The address of the issuer of the security token was not specified. An explicit issuer address must be specified on the link to 'https://estnbr363.nobre.local/Service1.svc' destination or sender's address location must be configured in the credentials.

the problem are these lines below! how to implement ?

  // Extract the STS certificate from the certificate store. ?????????
      X509Store store = new X509Store(StoreName.TrustedPeople, StoreLocation.CurrentUser);
      store.Open(OpenFlags.ReadOnly);
      X509Certificate2Collection certs = store.Certificates.Find(
          X509FindType.FindByThumbprint, "0000000000000000000000000000000000000000", false);
      store.Close();

      // Create an EndpointIdentity from the STS certificate. ???????????
      EndpointIdentity identity = EndpointIdentity.CreateX509CertificateIdentity ( certs[0] );

      // Set the IssuerAddress using the address of the STS and the previously created ???????

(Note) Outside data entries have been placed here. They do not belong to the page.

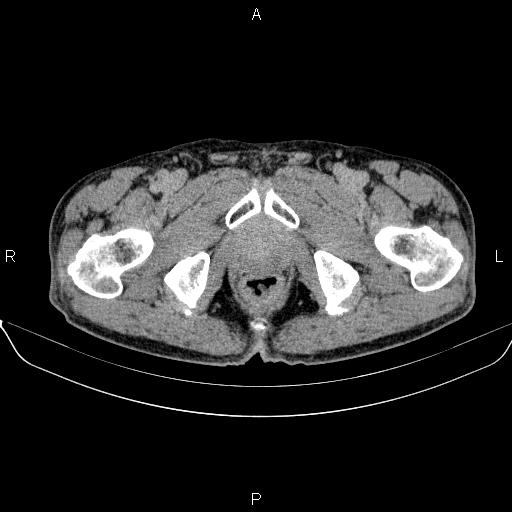 Ampullary adenocarcinoma (Radiopaedia 86093-102032 Axial C+ delayed 108).jpg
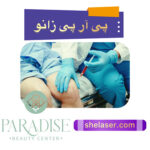 پی‌آر‌پی زانو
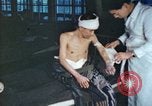 Image of Japanese patient Nagasaki Japan, 1946, second 25 stock footage video 65675060752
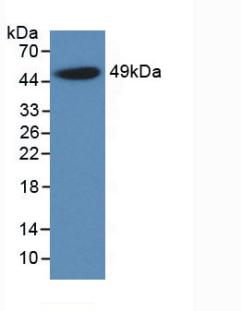 DAB staining on IHC-P; Samples: Rat Liver Tissue;  Primary Ab: 30µg/ml Mouse Anti-Rat a1AGP Antibody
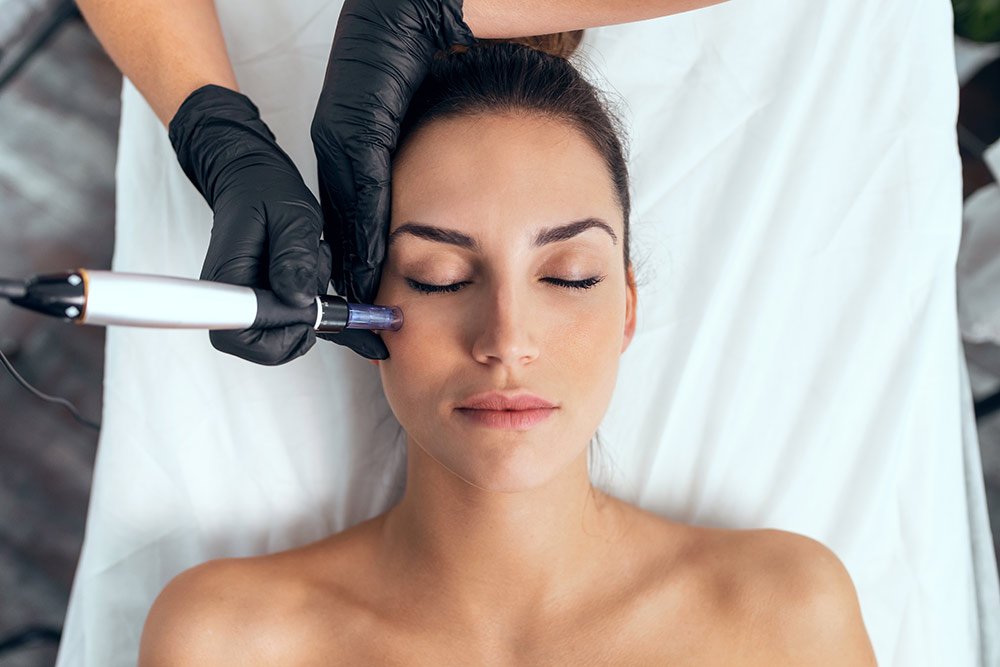 microneedling in london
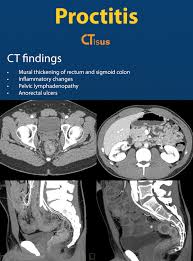 Image result for Proctitis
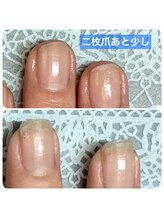 桃の木 吉祥寺店/二枚爪は乾燥が原因の事が多い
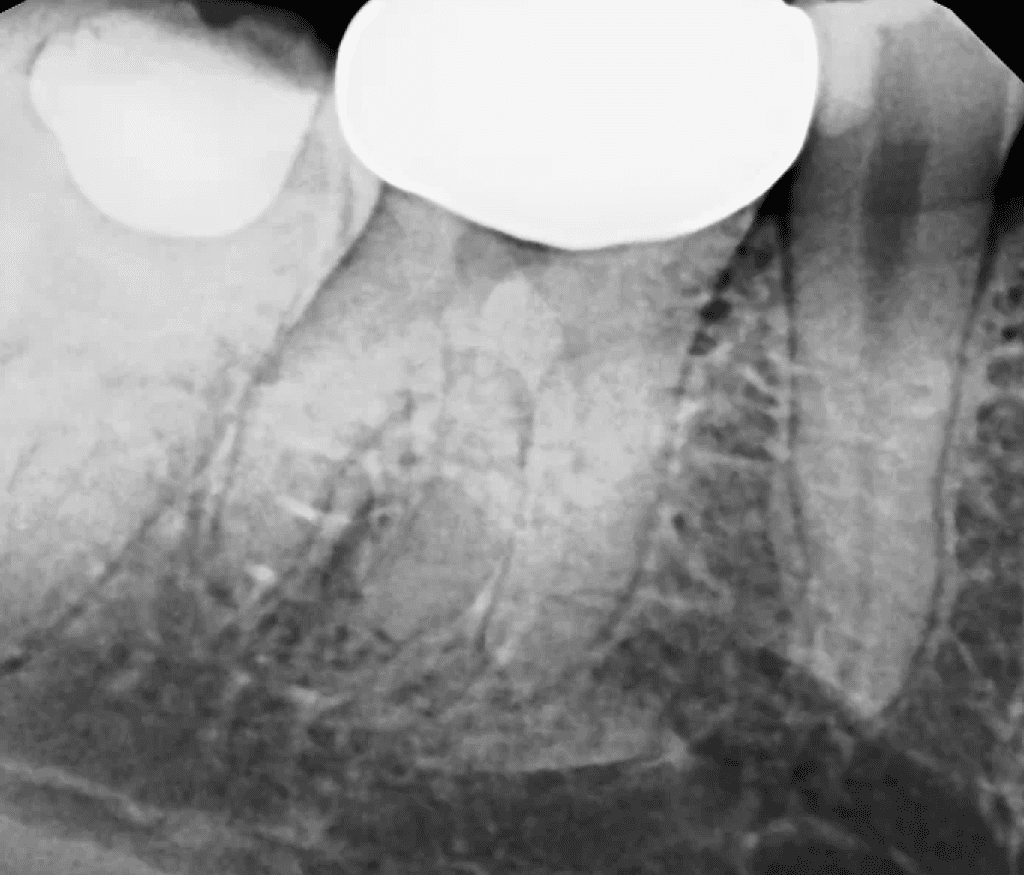 Root canal pre-op x-ray with radix by Dr. Matthew Sullivan of Mason Endodontics and Microsurgery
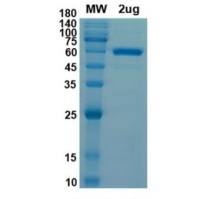 Terminal Deoxynucleotidyl Transferase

      // EndpointIdentity.
      b.Security.Message.IssuerAddress = 
          new EndpointAddress(new Uri("http://localhost:8000/sts/x509"), identity);

Answer 1

I had a similar problem and this

factory.Credentials.SupportInteractive = false;

turned off CardSpace for me. Just place it after the ConfigureChannelFactory() in the client code.

[Authorize]
public ActionResult Index(){
    var identity = HttpContext.User.Identity as ClaimsIdentity;
    var securityToken = WcfHelper.GetActAsToken(identity.BootstrapContext as BootstrapContext);   
    string serviceAddress = "svc";
    var binding = new     WS2007FederationHttpBinding(WSFederationHttpSecurityMode.TransportWithMessageCredential);
    var factory = new ChannelFactory<IService>(binding,new EndpointAddress(serviceAddress));
    factory.ConfigureChannelFactory();
    factory.Credentials.SupportInteractive = false;
    var channel = factory.CreateChannelActingAs(securityToken);
    channel.DoWork();
}

SupportInterative:

Gets or sets a value that indicates whether the system is allowed to interactively prompt the user for credentials when necessary. For example, setting it to false might be desired in middle-tier scenarios.